Мы указывали, что московское правительство плохо разбиралось во внутренних малороссийских делах; милостями осыпало прежде всего тех, через кого рассчитывало привязать к себе новый край,— а таковыми сумели представить себя казаки. Внушая высокое мнение о своей роли, они, соответствующим образом, умаляли, вернее, замалчивали роль крестьянства. Сделать это было тем легче, что времена были крепостнические, во всем мире мужик ставился ни во что, о нем часто забывали, а на Украине, вдобавок, он сделался жертвой собственных иллюзий. Надевши в дни Хмельнитчины баранью шапку и объявив себя казаком, он счел это достаточной гарантией от крепостной неволи. Если же ему и в реестр удавалось попасть, то|94: свобода казалась навеки обеспеченной. Удивительно ли, что эти люди ни разу не подали голоса? Ни просьб, ни челобитий московскому правительству от них не поступало, и держались они так, чтобы в них никто не заподозрил крестьян. А матерое казачество все делало с своей стороны, чтобы затемнить в глазах Москвы казацко-крестьянские отношения. Оно добилось передачи этого вопроса на свое собственное разрешение. Уже в мартовской челобитной 1654 г. Хмельницкий писал: «…мы сами смотр меж себя иметь будем, и кто казак, тот будет вольность казацкую иметь, а кто пашенный крестьянин, тот будет должность обыклую его царскому величеству отдавать, как и прежде сего…» {61}
Выдавая жалованные грамоты старшине и не возражая против помещичьего землевладения на Украине, Москва сама его не вводила, считая это делом внутренне малороссийским. Впрочем, судьба грамот, выданных после Переяславской Рады, была незадачливая,— они остались лежать в шкатулках, в тайных кладовых, даже в земле закопанные, и не принесли своим владельцам никакой пользы. Московским приказным людям казаки говорили, что народ непременно убьет их, если узнает о существовании у них таких документов.
Таким образом, самый простой, легальный способ завладения землями посредством царского пожалования оказался самым трудным. Гораздо большего успеха достигли окольным путем. Начали с «ранговых маетностей» — населенных земель, назначенных для содержания казачьего уряда. Каждому крупному воинскому чину положено было жалованье в виде такого имения, жители которого обязывались различными повинностями в пользу владельца-урядника. По существу это была та же панская вотчина, только не частновладельческая, а войсковая, находившаяся во временном пользовании.
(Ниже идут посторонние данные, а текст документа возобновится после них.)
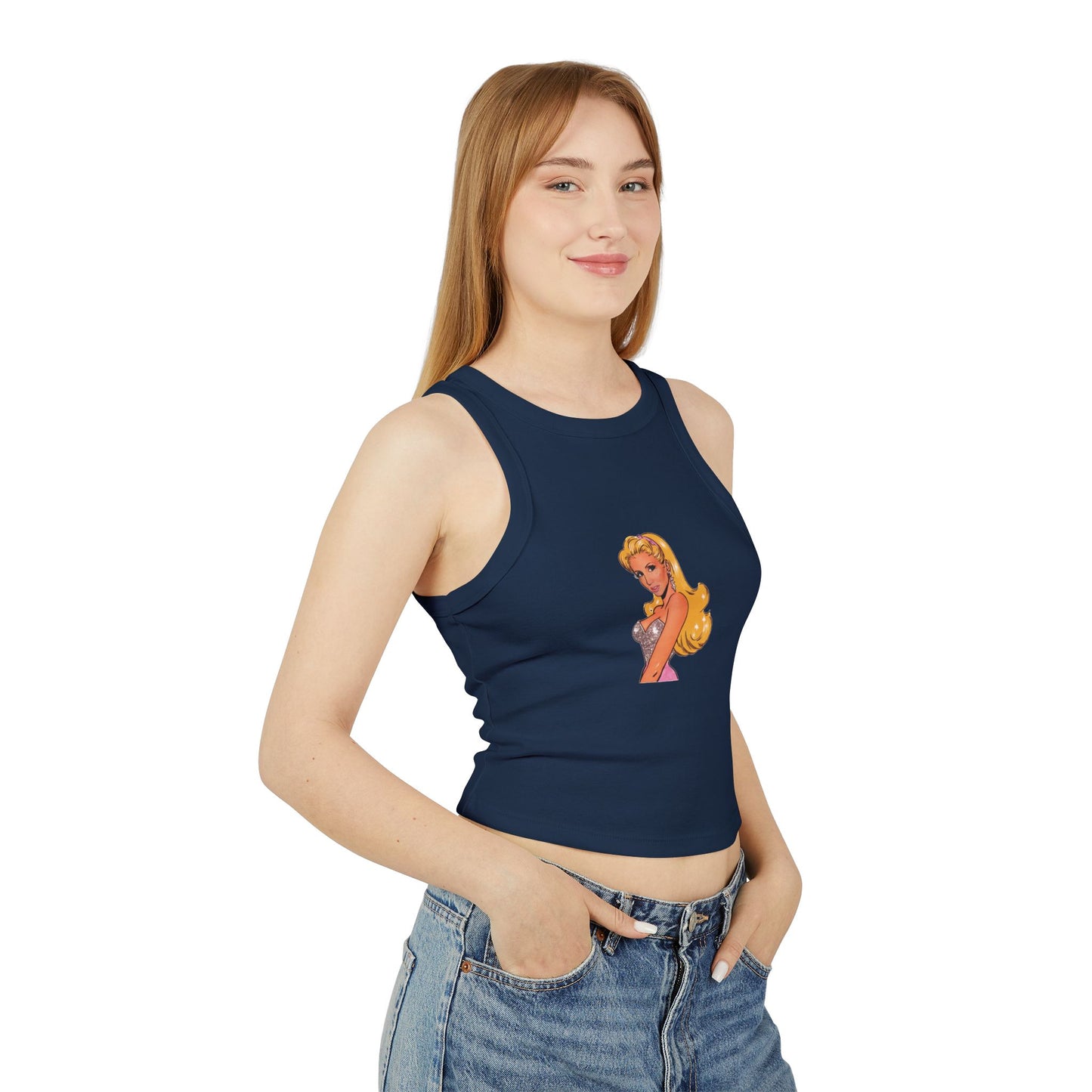 VINTAGE CARTOON CAMILLE" | Camille Grammer Racer Tank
Владели ею до тех пор, пока занимали соответствующий пост; лишившись чина, лишались и маетности. Помещичий характер такого имения не бросался в глаза и не будил, на первых порах, призрака крепостной эксплуатации.|95:
Доставались ранговые маетности, прежде всего, «бунчуковому товариству», состоявшему при генеральном уряде, при гетмане, «под бунчуком». Из его числа выходили генеральные писаря, судьи, обозные — все важные чины. Одновременно наделялось значковое или полковое товариство, состоявшее при полковом значке.
Кроме ранговых маетностей, придуман был и другой вид войсковых вотчин. Значные казаки, дав своим детям образование «с латынью» и даже без оной, приписывали их затем к генеральной войсковой канцелярии, как это практиковалось в Польше. На содержание таких приписанных молодых людей определили не меньшие маетности, чем на ранги. Порабощение мужика началось под видом служения Войску Запорожскому. Но очень рано у старшины зародилось намерение превратить войсковые экономии в частную и в наследственную собственность. С течением времени это и было сделано.
Существовало немало земель «к диспозиции гетманской надлежащих», из которых выделялись часто куски, передававшиеся в личное владение тому или иному казаку. Вместе с ними и население, зависевшее прежде от «войска», переходило в частную зависимость.
Хотя верховным распорядителем всего земельного фонда Малороссии считался московский царь и самыми законными документами на право владения были царские жалованные грамоты, но уже Хмельницкий, помимо Москвы, начал раздавать маетности своею властью. Эта практика приобрела широкие размеры после того, как старшина добилась ее легализации. Обращаться каждый раз в Москву за пожалованием с некоторых пор перестали, все раздачи сосредоточились в руках гетмана, а Москва утверждала их постфактум. Роль царского правительства свелась, под конец, исключительно к такой санкции. Генеральная войсковая канцелярия сделалась с этого момента источником земельных приобретений, и у всех, кто имел туда доступ, вошло в обычай выпрашивать себе земли.